-----BEGIN PGP SIGNED MESSAGE-----
Hash: SHA1
Jeff Moyer wrote:
> ==> Regarding [Wlug] HOWTO debug hard lockups; Andy Stewart <andystewart@comcast.net> adds:
>
> andystewart> HI gang,
>
> andystewart> My dual Opteron machine is not happy. I cannot get more than
> andystewart> 7 straight days of uptime without getting a hard lock,
> andystewart> requiring a reboot. (My definition of hard lock is: machine
> andystewart> responds neither to keyboard input, mouse input, nor network
> andystewart> pings).
>
> andystewart> I can stimulate hard locks by running OpenOffice 1.1.3 (I had
> andystewart> 3 tonight, and 3-4 on a previous occasion while running
> andystewart> OpenOffice). It makes no sense to me that an application run
> andystewart> as a normal user could lockup a machine.
>
> andystewart> I've tried setting "nmi_watchdog=1" to see if I could get an
> andystewart> "oops" when it hard locks - no dice. Do you know any other
> andystewart> tricks I could try to see if it is the kernel which is locking
> andystewart> up? I'm running SuSE's version of 2.6.8.
>
> Did you verify that NMIs are being delivered? After boot, cat
> /proc/interrupts and make sure the NMI line is non-zero. Also note that,
> at least with upstream and Red Hat kernels, the nmi_watchdog defaults to 1
> for Opterons (i.e. you shouldn't need to manually set it).
HI Jeff,
Well, this is weird, I'm seeing a ZERO count for NMIs, so that makes me
think they are NOT being delivered. How would I go about solving *that*
little problem? I did a "cat /proc/cmdline" to insure that I had
"nmi_watchdog=1" and indeed it is there. Perhaps this is the clue we've
been seeking.
> If the NMI watchdog works, it will print a message to the console.

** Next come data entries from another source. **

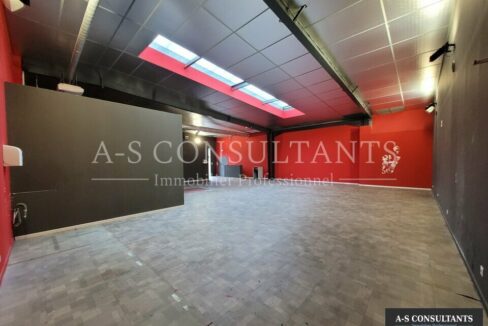 LOCAL COMMERCIAL 238m2 BOURGOIN JALLIEU 715660205_38_0294_13.jpg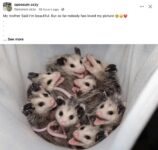 Opossums 96 FB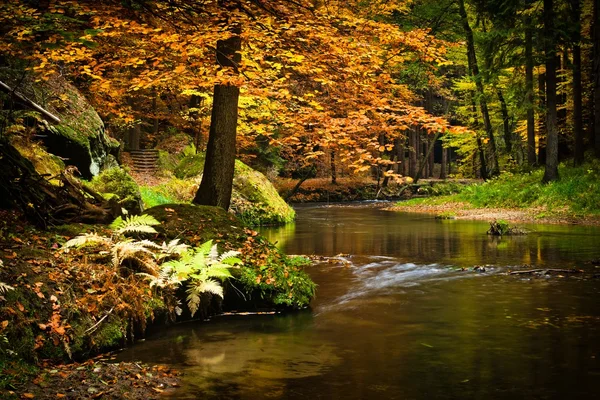 Autumn stream — Stockfoto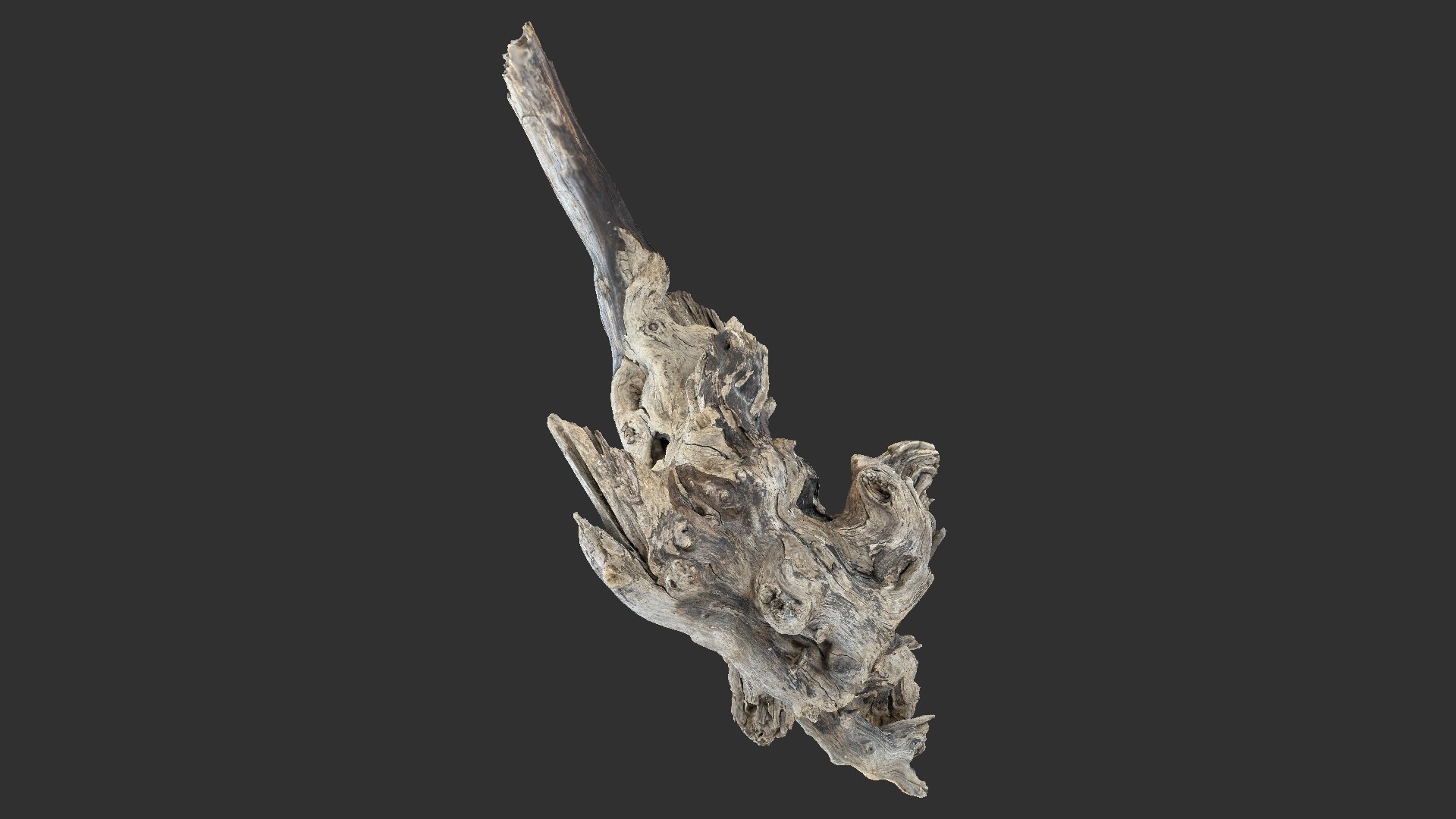 Tree Root 3D Scan 3D model https://p.turbosquid.com/ts-thumb/kh/Vx5DT3/xi/scr12/jpg/1698754262/1920x1080/fit_q87/3325f27afafad11587eac4eb0de5189c32e33947/scr12.jpg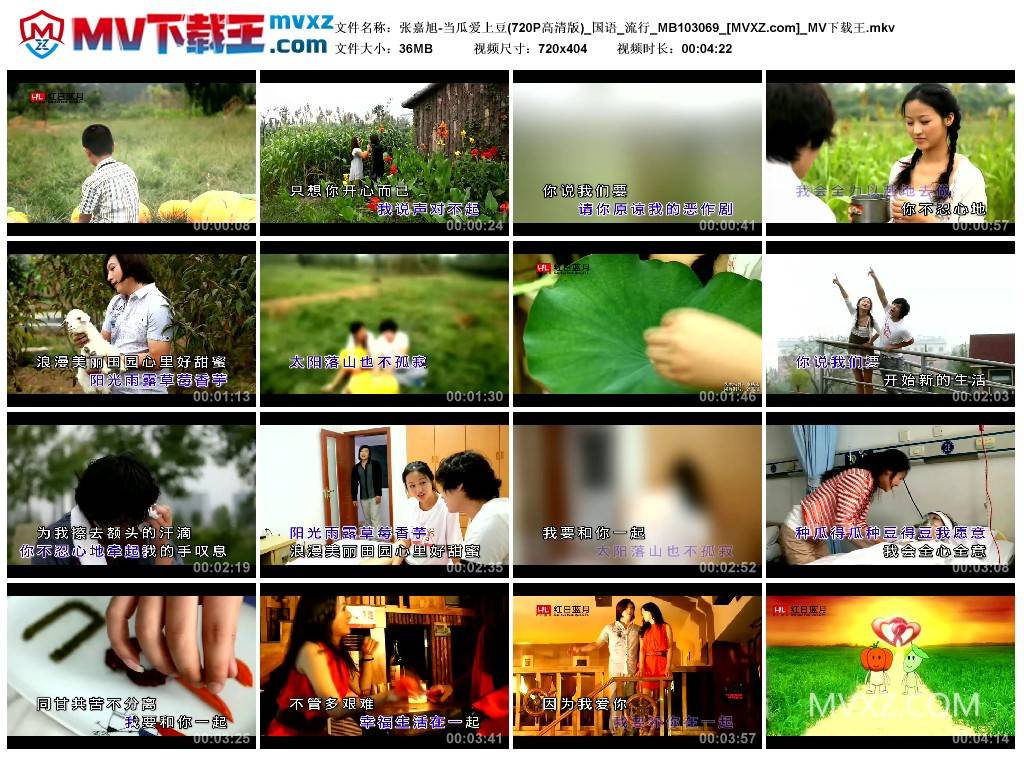 张嘉旭-当瓜爱上豆(720P高清版)_国语_流行_MB103069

> However, you will not see this if you are in X windows. Do you have a
> serial console hooked up, by any chance? I strongly suggest it if you have
> the means.
I think I have a cable to which I could connect the serial port of the
Opteron to the serial port of another Linux box (and then use minicom or
some such terminal program).
>
> Aside from this, if it is indeed a hard lockup, there is really nothing you
> can do (without purchasing other hardware to help debug the problem).
Yeah, I was afraid of that.
>
> Please give these suggestions a shot and let us know how it goes.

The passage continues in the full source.